━━━ Provided records

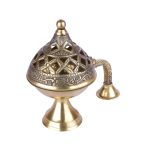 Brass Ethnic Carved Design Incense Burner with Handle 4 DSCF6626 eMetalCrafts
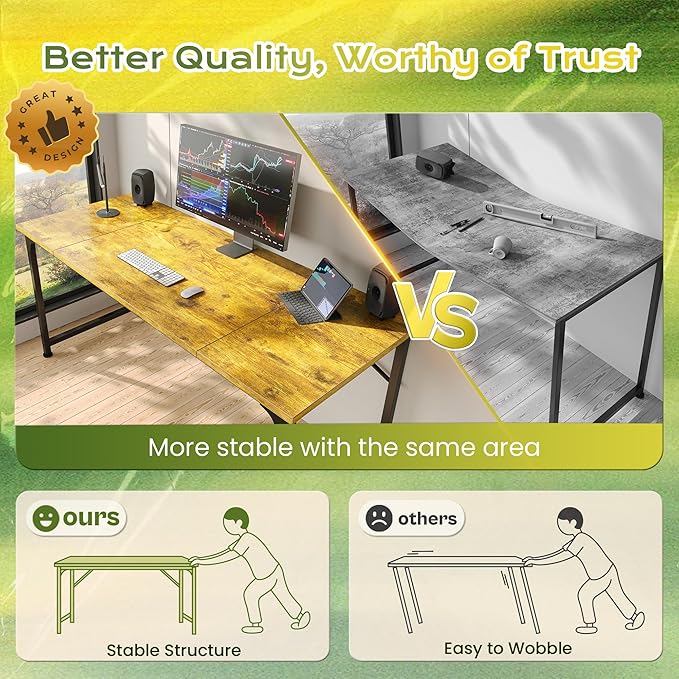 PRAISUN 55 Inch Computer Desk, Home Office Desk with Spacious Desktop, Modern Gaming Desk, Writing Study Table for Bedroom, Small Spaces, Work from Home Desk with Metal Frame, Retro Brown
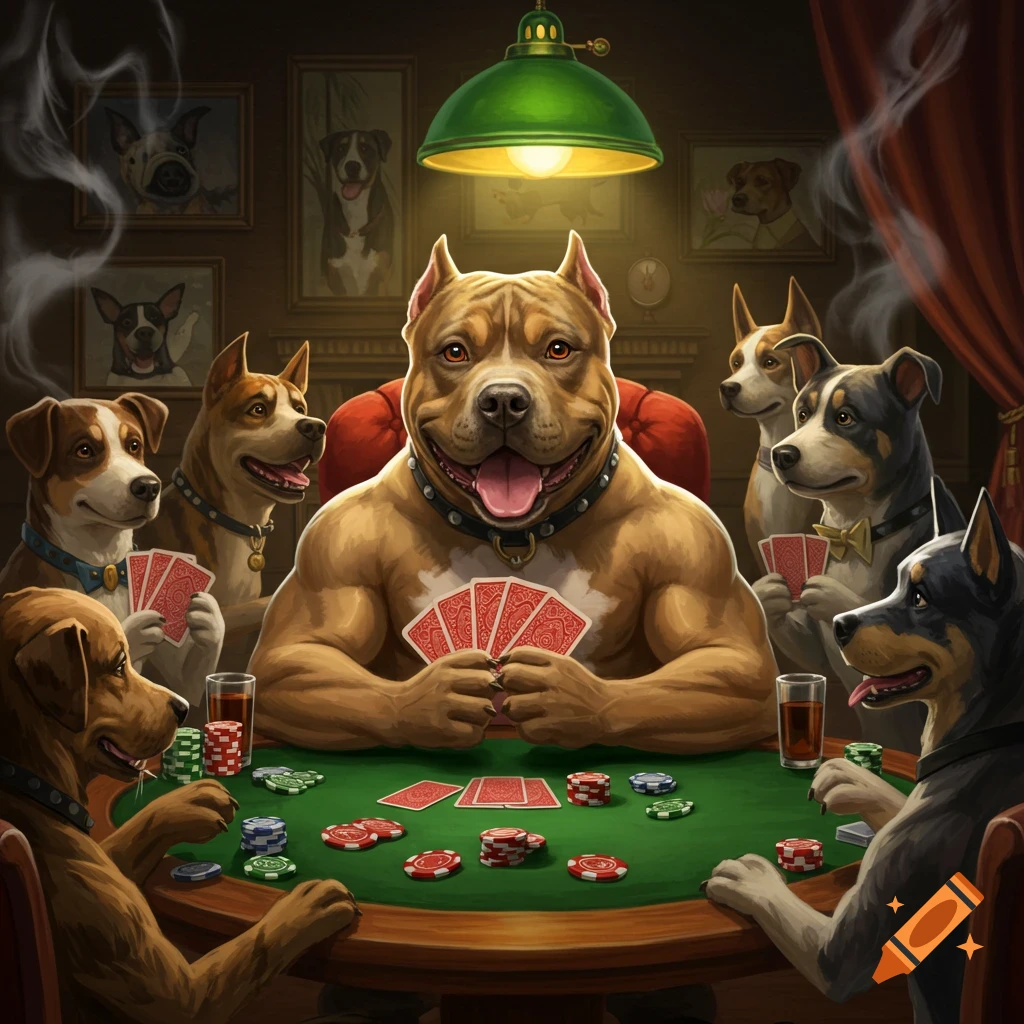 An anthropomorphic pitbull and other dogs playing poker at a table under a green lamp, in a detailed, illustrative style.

━━━━━━
━━━ Provided records

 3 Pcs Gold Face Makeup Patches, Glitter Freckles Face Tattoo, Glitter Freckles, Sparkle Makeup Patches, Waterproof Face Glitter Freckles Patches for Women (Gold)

━━━━━━

Task description - Starting at the line containing "Brass Ethnic Carved" and finishing at the line containing "An anthropomorphic pitbull", return those lines exactly as they appear above, without the pictures.

Finished task -
 Brass Ethnic Carved Design Incense Burner with Handle 4 DSCF6626 eMetalCrafts
 PRAISUN 55 Inch Computer Desk, Home Office Desk with Spacious Desktop, Modern Gaming Desk, Writing Study Table for Bedroom, Small Spaces, Work from Home Desk with Metal Frame, Retro Brown
 An anthropomorphic pitbull and other dogs playing poker at a table under a green lamp, in a detailed, illustrative style.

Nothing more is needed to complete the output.